PLATO (428-347 B.C.)

 

Plato was born into a wealthy and aristocratic family (his father, Ariston, was reputed to be descended from Codrus, the last king of Athens; his mother, Perictione,was related to Solon, the first architect of the Athenian constitution). He had two brothers, Adeimentus and Glaucon, and a sister, Potone. While he was young his father died and his mother married Pyrilampes, a friend of Pericles, the great Athenian statesman. He probably served in the Peloponnesian war with Sparta. He may have served in the war in 395 with Corinth.

    Plato would have been expected to enter political life in Athens. However, in his autobiographical Seventh Letter, Plato relates that two experiences made him abandon politics. First of all, there was the terrible eighth-month rule of Athens by the Thirty Tyrants (many of whom he knew or was related to), and in particular, their ordering of Socrates to assist them in their murder of Leon of Salamis. Secondly, there was the trial and execution of Socrates by the newly restored Athenian democracy. Plato concluded that "the constitutions of all actual cities are bad", and that "the human race will have no respite from evils until those who are really and truly philosophers acquire political power or until, through some divine dispensation, those who rule and have political authority in cities become real philosophers."

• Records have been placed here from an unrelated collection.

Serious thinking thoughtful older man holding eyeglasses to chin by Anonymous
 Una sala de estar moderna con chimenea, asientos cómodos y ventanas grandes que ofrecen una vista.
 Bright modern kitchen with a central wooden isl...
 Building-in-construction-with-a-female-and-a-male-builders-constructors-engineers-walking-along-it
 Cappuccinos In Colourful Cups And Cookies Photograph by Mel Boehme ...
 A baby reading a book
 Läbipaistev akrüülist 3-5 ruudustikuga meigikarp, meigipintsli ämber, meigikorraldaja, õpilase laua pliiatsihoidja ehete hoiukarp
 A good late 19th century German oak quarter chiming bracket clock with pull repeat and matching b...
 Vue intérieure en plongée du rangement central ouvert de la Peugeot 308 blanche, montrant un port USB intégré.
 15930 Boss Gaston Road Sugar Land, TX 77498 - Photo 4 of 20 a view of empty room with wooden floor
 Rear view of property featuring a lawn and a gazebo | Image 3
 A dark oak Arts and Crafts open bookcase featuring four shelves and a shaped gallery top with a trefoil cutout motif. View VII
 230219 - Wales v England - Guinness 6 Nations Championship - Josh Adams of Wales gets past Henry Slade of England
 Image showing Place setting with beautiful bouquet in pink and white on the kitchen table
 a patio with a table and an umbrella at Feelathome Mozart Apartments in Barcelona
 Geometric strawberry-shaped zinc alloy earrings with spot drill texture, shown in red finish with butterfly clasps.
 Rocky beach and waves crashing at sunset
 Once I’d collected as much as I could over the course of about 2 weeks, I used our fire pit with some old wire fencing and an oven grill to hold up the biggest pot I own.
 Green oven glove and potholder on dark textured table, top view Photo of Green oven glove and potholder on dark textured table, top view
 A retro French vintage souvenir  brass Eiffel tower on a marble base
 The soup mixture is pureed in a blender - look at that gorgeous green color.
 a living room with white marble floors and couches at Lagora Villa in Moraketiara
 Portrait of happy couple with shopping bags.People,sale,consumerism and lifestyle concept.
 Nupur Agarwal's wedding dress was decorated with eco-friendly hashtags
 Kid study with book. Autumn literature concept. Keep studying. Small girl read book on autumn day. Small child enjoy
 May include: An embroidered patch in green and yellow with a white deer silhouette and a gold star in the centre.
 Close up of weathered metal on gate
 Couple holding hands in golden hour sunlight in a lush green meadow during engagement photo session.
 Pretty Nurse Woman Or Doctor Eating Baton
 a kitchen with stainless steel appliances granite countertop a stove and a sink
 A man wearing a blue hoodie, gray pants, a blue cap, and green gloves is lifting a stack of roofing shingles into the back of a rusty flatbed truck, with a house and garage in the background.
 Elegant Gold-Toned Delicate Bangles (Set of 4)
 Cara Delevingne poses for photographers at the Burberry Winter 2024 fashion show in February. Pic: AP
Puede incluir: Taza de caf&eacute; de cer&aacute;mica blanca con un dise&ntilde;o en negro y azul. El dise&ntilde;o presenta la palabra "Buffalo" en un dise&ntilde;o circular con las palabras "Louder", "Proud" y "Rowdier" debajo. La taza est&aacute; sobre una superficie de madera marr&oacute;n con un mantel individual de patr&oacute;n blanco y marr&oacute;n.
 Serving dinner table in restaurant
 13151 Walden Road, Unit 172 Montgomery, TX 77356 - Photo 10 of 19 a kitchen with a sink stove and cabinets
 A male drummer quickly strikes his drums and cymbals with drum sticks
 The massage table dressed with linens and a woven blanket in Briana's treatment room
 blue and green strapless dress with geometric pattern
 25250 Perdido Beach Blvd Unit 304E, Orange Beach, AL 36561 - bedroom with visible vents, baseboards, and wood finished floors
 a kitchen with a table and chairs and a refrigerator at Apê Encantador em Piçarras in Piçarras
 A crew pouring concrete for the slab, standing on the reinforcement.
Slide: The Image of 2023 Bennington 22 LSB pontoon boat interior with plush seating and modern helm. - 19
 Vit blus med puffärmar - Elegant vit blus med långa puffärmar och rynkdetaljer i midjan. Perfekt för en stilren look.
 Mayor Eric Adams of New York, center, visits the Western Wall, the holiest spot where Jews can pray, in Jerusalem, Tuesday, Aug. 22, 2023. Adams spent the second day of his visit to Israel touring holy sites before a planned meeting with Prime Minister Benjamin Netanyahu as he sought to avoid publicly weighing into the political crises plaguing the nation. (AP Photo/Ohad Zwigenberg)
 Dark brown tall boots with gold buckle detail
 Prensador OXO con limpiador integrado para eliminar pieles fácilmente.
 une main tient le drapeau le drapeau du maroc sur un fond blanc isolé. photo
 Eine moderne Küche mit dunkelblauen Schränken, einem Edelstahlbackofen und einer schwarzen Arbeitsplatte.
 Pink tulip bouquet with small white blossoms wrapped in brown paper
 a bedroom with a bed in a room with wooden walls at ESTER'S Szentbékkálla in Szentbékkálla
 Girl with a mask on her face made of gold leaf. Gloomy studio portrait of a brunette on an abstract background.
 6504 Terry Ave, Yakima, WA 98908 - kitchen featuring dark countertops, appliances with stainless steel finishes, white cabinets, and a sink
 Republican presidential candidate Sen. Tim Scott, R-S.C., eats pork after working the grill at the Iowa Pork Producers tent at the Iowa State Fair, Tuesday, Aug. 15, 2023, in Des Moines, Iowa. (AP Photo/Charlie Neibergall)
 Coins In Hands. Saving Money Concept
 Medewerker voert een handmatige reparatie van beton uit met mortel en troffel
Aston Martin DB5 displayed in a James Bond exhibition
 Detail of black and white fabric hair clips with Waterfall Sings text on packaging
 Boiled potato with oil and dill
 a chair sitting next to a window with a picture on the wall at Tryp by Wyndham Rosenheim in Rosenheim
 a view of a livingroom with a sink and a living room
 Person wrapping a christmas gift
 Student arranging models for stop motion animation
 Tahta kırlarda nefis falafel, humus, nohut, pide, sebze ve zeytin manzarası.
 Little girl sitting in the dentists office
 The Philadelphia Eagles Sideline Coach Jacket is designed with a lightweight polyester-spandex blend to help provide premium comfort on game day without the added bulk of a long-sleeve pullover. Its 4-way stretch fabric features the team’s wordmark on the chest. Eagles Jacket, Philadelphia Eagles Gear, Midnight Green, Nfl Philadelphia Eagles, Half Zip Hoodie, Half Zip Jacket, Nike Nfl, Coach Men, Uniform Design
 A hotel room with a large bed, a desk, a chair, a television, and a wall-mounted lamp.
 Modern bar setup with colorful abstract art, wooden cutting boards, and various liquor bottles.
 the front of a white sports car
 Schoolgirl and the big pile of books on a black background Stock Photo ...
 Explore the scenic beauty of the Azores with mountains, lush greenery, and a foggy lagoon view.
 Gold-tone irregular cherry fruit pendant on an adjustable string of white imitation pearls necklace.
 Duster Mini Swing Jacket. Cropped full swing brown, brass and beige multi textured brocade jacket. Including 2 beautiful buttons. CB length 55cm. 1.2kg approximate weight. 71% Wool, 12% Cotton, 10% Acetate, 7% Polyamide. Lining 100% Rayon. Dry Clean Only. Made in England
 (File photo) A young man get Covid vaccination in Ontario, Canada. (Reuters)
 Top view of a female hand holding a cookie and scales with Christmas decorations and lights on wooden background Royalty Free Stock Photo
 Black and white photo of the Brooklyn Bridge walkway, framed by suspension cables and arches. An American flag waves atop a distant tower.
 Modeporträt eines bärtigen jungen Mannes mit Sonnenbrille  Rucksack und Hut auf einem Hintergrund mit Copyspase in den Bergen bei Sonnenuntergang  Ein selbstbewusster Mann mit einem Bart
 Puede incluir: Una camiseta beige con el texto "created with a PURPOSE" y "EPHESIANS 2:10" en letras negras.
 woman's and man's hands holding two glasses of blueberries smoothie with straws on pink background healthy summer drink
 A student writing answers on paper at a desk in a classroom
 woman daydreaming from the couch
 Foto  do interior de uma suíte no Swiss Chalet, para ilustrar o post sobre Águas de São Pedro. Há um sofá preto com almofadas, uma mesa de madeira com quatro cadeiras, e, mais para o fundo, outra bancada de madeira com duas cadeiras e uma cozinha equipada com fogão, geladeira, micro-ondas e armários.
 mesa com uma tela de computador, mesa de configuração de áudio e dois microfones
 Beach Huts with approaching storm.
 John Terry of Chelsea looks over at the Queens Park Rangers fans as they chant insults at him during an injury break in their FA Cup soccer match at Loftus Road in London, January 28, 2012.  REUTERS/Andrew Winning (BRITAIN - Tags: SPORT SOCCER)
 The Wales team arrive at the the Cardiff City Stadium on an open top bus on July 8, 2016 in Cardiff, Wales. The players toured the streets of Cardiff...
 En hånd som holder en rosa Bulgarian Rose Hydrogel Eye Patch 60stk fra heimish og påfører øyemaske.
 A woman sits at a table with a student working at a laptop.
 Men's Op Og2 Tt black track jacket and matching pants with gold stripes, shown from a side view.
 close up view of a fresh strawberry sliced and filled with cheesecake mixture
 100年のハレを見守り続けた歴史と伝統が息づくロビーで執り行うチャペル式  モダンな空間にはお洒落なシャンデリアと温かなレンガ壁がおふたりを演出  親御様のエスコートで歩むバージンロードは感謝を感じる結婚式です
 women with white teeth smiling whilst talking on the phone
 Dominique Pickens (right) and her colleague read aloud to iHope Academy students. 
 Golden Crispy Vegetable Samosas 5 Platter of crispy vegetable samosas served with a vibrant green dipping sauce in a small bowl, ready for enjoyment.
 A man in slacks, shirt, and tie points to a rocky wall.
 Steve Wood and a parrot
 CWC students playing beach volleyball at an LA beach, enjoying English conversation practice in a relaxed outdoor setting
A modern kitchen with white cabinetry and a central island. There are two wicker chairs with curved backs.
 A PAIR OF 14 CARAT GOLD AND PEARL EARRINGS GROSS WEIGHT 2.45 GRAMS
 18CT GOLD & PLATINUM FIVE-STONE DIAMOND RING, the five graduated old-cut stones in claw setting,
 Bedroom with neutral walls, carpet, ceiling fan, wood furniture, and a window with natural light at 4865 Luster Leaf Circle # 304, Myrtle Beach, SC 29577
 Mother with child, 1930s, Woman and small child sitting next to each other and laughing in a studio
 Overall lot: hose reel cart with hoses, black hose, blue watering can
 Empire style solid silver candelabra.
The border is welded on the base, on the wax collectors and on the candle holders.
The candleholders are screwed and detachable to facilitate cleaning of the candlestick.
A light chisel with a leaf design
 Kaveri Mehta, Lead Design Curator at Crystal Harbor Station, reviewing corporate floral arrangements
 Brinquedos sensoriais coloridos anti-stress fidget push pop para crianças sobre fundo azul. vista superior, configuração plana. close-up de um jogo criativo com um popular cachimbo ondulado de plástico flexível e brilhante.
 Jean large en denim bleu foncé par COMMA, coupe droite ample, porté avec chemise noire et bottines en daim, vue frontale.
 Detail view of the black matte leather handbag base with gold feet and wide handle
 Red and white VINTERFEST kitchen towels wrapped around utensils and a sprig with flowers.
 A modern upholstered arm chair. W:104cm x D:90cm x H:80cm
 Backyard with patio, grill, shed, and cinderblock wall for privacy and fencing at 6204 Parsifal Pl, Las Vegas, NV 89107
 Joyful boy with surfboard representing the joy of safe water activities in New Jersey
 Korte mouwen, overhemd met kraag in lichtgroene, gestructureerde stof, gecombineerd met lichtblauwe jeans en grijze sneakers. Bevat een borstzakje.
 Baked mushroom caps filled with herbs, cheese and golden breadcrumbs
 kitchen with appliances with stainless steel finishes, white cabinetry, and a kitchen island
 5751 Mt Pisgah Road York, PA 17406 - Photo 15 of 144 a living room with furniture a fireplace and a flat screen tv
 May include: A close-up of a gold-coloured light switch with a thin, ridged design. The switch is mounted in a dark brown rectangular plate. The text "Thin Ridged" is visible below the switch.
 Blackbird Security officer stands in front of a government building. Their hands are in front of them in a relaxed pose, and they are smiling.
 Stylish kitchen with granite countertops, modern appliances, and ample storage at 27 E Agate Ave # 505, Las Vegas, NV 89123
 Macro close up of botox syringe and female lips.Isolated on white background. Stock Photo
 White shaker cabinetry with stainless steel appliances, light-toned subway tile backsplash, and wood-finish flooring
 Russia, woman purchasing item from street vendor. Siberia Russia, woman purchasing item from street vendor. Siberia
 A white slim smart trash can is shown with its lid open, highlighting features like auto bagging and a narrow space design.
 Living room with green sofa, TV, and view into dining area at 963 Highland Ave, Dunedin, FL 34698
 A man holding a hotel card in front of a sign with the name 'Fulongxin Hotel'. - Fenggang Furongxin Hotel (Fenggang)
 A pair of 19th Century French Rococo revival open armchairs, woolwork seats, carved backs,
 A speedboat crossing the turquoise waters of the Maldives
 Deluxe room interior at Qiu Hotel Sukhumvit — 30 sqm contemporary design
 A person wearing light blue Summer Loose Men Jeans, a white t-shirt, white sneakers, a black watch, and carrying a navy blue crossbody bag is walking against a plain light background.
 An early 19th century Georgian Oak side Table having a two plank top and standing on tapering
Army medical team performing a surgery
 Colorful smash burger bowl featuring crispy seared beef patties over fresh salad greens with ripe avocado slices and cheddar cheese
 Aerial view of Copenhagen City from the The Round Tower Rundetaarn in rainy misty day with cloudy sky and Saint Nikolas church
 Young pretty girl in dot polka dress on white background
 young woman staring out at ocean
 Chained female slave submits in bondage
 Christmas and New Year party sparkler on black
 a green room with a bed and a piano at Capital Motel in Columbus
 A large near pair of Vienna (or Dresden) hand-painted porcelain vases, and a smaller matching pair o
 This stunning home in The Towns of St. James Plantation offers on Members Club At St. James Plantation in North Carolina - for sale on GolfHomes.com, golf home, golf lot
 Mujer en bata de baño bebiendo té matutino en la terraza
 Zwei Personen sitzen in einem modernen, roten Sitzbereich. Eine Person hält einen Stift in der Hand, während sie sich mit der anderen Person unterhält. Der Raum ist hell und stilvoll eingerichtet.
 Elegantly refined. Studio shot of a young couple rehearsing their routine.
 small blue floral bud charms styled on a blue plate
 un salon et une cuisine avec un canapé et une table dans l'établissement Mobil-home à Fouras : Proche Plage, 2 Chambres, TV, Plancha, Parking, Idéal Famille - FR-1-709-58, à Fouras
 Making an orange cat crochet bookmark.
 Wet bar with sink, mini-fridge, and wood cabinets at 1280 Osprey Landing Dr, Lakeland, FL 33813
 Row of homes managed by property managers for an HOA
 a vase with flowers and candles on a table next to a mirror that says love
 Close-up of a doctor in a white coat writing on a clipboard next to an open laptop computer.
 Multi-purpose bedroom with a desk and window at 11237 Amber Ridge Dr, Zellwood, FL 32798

    After Socrates's death in 399, Plato and some other followers of Socrates appear to have left for Megara. However, he returned to Athens. He left again in about 388 to go to Italy and Sicily to visit the Pythagoreans. In Sicily be made friends with Dion, brother in law of the tyrant ruler Dionysius I. Dion was influenced by Plato, but Plato was later banished by Dionysius I.

    When Plato returned to Athens he bought land in the precinct of the hero Academus, and, in about 385, he founded the Academy, which lasted until 529 A.D. Plato spent the remainder of his life teaching there as head of the Academy. The Academy was a center of research in both theoretical and practical subjects. Aristotle was a student of the Academy.